We can show (but I won't) that observing a success has the effect of increasing α by 1, and observing a failure increases β by 1. And that's where the white and black marbles come in. The author of the example is using the marbles as a sneaky way to talk about a Beta distribution.
After one sunrise, the newborn's posterior belief about p is a Beta distribution with α=2, β=1, which looks like this:
This represents the newborn's posterior belief about p, the probability of sunrise. At the far left, the hypothesis that p=0 has been refuted. At the far right, the most likely value (after one success) is p=1. A 90% credible interval is [0.225, 0.975], which indicates that the newborn is still very unsure about p. But if we insist on a single-value estimate, he or she might reasonably compute the mean of the posterior, which is 2/3.
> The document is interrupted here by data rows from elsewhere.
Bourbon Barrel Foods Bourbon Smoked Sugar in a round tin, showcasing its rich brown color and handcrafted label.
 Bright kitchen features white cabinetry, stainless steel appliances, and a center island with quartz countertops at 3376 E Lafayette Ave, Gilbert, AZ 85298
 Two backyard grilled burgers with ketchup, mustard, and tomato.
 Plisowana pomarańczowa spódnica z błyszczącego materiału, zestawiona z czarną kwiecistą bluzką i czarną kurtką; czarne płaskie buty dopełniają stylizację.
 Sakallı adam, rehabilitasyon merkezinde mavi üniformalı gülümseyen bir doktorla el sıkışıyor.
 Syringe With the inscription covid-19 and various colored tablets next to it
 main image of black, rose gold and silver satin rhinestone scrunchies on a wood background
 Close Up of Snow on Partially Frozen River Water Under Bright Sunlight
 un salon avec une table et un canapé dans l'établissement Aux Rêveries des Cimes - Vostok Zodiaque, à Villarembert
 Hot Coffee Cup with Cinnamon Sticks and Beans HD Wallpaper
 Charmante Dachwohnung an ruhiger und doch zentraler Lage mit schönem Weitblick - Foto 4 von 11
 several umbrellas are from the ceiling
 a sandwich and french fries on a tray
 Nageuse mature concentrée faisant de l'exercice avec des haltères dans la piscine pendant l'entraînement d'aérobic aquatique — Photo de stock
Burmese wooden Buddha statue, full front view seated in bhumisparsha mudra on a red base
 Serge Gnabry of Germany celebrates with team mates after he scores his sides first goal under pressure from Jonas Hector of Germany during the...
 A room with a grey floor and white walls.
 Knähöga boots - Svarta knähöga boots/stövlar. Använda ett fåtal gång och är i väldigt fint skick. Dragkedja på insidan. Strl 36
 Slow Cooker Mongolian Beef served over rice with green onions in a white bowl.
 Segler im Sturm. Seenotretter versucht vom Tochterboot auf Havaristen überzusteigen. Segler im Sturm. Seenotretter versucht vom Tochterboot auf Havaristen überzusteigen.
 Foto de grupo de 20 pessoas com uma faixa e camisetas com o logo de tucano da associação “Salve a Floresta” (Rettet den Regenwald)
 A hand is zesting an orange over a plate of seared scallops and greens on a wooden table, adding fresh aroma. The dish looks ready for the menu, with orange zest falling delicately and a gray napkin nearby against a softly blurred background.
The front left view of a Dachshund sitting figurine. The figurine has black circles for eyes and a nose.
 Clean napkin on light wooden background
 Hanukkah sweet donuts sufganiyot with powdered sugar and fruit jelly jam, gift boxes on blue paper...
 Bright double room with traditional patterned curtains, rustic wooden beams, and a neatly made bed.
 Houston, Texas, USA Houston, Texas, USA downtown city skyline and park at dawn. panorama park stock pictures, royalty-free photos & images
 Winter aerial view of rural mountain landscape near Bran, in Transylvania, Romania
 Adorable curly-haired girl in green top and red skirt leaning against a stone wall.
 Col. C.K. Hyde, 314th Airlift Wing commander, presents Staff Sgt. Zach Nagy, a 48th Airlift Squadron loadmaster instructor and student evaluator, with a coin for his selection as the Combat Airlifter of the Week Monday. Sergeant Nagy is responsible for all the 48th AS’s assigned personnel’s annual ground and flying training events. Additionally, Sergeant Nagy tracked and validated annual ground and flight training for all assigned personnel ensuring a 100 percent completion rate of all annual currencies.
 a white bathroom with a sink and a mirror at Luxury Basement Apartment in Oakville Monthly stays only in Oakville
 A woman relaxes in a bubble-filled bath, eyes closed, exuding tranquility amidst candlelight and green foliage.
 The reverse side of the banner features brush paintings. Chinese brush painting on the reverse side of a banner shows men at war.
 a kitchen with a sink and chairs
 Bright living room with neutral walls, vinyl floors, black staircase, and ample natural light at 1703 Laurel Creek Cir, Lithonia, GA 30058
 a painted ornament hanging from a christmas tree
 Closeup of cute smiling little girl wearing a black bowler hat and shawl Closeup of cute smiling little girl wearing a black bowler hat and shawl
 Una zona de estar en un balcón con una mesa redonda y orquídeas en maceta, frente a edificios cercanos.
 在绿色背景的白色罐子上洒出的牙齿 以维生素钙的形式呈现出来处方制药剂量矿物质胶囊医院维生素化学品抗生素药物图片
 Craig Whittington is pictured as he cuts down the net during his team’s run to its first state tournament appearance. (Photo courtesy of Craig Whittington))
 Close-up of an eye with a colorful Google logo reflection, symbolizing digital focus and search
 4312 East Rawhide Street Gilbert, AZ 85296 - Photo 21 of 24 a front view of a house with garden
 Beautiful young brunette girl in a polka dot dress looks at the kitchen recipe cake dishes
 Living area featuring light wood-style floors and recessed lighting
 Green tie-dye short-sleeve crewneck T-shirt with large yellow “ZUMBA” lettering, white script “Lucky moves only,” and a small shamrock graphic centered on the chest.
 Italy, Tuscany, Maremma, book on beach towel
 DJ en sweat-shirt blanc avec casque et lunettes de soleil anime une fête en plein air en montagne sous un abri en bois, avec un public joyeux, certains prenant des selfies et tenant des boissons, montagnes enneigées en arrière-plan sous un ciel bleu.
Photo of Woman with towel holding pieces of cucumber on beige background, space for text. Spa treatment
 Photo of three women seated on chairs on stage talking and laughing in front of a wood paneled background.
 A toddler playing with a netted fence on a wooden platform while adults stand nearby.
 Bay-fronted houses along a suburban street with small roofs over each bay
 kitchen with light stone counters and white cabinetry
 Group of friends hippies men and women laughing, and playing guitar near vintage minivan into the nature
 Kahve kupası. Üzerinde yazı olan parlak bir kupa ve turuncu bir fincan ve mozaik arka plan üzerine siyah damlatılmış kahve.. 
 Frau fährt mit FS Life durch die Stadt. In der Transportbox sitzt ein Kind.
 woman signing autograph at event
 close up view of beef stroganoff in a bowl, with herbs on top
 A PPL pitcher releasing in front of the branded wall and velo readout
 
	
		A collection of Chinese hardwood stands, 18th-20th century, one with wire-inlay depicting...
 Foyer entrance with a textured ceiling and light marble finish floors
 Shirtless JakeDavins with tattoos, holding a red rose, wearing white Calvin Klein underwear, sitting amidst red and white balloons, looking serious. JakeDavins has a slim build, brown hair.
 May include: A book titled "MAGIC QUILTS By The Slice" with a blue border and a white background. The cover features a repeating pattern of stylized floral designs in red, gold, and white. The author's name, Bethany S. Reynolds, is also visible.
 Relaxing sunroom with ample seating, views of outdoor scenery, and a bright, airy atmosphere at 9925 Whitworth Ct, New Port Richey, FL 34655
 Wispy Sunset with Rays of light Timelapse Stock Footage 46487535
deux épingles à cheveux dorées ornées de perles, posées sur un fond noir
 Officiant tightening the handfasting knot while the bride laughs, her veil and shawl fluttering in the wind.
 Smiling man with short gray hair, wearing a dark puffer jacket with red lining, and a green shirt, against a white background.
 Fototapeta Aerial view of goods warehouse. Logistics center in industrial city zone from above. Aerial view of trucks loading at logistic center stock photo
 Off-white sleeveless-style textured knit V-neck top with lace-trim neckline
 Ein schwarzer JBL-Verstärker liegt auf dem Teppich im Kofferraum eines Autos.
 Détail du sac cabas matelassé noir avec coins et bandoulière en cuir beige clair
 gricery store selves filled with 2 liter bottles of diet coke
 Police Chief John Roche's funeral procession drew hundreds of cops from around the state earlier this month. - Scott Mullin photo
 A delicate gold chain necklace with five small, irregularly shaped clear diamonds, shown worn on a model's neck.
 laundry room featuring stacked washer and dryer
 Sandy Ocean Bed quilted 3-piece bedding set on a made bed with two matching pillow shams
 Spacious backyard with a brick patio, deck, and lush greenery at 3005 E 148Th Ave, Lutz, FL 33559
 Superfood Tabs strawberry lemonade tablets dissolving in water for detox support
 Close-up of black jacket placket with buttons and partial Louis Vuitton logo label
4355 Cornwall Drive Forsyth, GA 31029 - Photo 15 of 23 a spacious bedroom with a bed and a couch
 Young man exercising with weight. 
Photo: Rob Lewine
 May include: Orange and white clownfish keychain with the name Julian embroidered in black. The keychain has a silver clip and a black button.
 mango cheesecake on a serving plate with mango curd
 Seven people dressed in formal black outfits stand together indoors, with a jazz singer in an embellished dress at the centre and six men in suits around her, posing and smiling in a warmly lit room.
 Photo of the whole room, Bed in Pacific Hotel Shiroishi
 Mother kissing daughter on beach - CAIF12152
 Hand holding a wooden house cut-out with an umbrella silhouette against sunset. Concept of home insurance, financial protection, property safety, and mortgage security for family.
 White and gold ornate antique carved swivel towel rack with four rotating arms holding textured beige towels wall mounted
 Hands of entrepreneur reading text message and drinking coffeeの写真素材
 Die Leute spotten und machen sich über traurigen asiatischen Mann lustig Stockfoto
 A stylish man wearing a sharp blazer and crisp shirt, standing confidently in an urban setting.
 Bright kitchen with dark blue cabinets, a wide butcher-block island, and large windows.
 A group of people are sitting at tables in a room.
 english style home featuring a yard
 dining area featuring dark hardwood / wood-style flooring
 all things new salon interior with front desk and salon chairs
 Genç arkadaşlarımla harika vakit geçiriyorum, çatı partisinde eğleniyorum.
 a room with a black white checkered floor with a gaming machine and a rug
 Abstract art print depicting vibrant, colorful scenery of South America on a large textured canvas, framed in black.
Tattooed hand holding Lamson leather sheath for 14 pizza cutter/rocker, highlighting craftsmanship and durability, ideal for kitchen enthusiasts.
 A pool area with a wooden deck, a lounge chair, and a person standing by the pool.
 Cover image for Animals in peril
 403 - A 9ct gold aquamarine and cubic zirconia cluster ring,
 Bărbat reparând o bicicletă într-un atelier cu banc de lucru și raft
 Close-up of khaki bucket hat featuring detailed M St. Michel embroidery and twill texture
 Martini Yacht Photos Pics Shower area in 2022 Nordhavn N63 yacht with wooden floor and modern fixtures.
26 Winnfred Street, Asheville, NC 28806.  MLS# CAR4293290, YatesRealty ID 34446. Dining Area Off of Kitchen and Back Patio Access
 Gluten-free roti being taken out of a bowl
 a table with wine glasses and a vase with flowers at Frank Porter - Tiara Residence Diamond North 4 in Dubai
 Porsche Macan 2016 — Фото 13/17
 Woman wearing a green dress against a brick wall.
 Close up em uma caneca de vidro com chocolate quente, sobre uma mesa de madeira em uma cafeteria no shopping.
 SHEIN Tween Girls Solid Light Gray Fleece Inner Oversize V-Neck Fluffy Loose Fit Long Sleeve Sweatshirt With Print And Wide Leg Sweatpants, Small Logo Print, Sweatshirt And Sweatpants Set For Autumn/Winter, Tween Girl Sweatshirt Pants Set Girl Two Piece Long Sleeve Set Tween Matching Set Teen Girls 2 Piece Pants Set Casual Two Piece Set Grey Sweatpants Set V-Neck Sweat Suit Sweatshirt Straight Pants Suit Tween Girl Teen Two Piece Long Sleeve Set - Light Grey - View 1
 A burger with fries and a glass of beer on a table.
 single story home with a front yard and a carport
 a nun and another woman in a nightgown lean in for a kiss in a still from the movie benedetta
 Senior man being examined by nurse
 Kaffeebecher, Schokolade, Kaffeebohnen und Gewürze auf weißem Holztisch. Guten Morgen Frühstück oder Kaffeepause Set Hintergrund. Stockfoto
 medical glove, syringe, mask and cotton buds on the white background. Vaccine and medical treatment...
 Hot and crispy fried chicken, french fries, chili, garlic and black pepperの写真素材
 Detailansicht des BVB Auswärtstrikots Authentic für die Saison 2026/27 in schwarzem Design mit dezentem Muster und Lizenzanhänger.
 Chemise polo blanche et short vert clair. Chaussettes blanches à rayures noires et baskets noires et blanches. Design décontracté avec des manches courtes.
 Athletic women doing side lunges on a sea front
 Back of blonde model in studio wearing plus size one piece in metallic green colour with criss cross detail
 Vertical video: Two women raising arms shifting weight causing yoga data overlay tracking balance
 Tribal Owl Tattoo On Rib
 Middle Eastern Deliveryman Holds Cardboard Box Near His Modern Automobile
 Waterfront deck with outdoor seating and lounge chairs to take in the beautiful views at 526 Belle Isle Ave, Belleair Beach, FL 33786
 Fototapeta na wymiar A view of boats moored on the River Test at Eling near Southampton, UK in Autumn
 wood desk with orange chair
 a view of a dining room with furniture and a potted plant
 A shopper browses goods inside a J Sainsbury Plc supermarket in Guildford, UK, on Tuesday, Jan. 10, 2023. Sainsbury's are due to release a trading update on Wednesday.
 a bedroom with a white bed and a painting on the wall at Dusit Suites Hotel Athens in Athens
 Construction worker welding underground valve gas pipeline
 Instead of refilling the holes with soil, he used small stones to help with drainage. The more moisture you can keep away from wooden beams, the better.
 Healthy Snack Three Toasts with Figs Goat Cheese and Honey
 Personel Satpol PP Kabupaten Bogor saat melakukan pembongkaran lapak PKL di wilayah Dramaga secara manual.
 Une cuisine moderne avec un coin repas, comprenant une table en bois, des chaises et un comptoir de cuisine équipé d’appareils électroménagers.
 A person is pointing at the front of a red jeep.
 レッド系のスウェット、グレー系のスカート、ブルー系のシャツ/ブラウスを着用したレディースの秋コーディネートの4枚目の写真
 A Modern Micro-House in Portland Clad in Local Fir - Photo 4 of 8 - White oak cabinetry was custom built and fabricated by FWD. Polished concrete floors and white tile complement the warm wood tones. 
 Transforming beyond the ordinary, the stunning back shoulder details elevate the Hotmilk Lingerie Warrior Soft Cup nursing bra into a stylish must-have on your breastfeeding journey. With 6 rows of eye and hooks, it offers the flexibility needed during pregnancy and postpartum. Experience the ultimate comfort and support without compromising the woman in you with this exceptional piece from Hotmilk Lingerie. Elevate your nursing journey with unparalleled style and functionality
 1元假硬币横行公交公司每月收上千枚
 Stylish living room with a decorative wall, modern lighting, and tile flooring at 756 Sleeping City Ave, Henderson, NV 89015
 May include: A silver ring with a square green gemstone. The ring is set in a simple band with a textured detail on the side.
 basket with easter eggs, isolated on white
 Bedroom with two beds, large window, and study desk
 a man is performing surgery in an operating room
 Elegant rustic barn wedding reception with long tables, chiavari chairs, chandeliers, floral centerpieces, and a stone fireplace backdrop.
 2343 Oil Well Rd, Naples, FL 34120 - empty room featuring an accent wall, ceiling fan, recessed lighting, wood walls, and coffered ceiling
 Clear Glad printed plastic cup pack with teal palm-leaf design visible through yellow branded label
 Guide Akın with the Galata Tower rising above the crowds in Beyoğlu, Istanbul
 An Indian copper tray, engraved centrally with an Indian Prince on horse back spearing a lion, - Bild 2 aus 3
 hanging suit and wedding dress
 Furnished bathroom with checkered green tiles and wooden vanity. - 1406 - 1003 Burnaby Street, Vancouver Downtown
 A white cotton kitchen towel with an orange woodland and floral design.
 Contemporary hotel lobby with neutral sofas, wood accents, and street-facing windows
Similarly, after two successful sunrises, the posterior looks like this:
And the mean value of p is 3/4. So the marble method is correct after all! Well, sort of. It is correct if we assume a uniform prior for p, and if we use the mean of the posterior to generate a single-point estimate. For both decisions there are reasonable alternatives; for example, after any number of successes (without a failure) the maximum likelihood estimate of p is 1.
In summary, this example demonstrates the general idea of a Bayesian update, but think the way the calculation is presented is misleading.
Price's version
As I said, the example is from Price's comments on Bayes's article. Here is Price's version, from the page numbered 409 [in the original typeface, the letter "s" looks like "f", but I will fpare you]:
"One example here it will not be amiss to give.
"Let us image to ourselves the case of a person just brought forth into this world and left to collect from his observation of the order and course of events what powers and causes take place in it. The Sun would, probably, be the first object that would engage his attention; but after losing it the first night, he would be entirely ignorant whether he should ever see it again. He would therefore be in the condition of a person making a first experiment about an event entirely unknown to him. But let him see a second appearance or one return of the Sun, and an expectation would be raised in him of a second return, and he might know that there was an odds of 3 to 1 for some probability of this. This odds would increase, as before represented, with the number of returns to which he was witness. But no finite number of returns would be sufficient to produce absolute or physical certainty. For let it be supposed that he has seen it return at regular and stated intervals a million of times. The conclusions this would warrant would be such as follow --- There would be the odds of the millioneth power of 2, to one, that it was likely that it would return again at the end of the usual interval."To interpret "an odds of 3 to 1 for some probability of this" we have to look back to page 405, which computes the odds "for somewhat more than an even chance that it would happen on a second trial;" that is, the odds that p > 0.5. In the example, the odds are 3:1, which corresponds to a probability of 0.75.
If we use the Beta distribution to compute the same probability, the result is also 0.75. So Price's calculations are consistent with mine; he just uses a different way of summarizing them.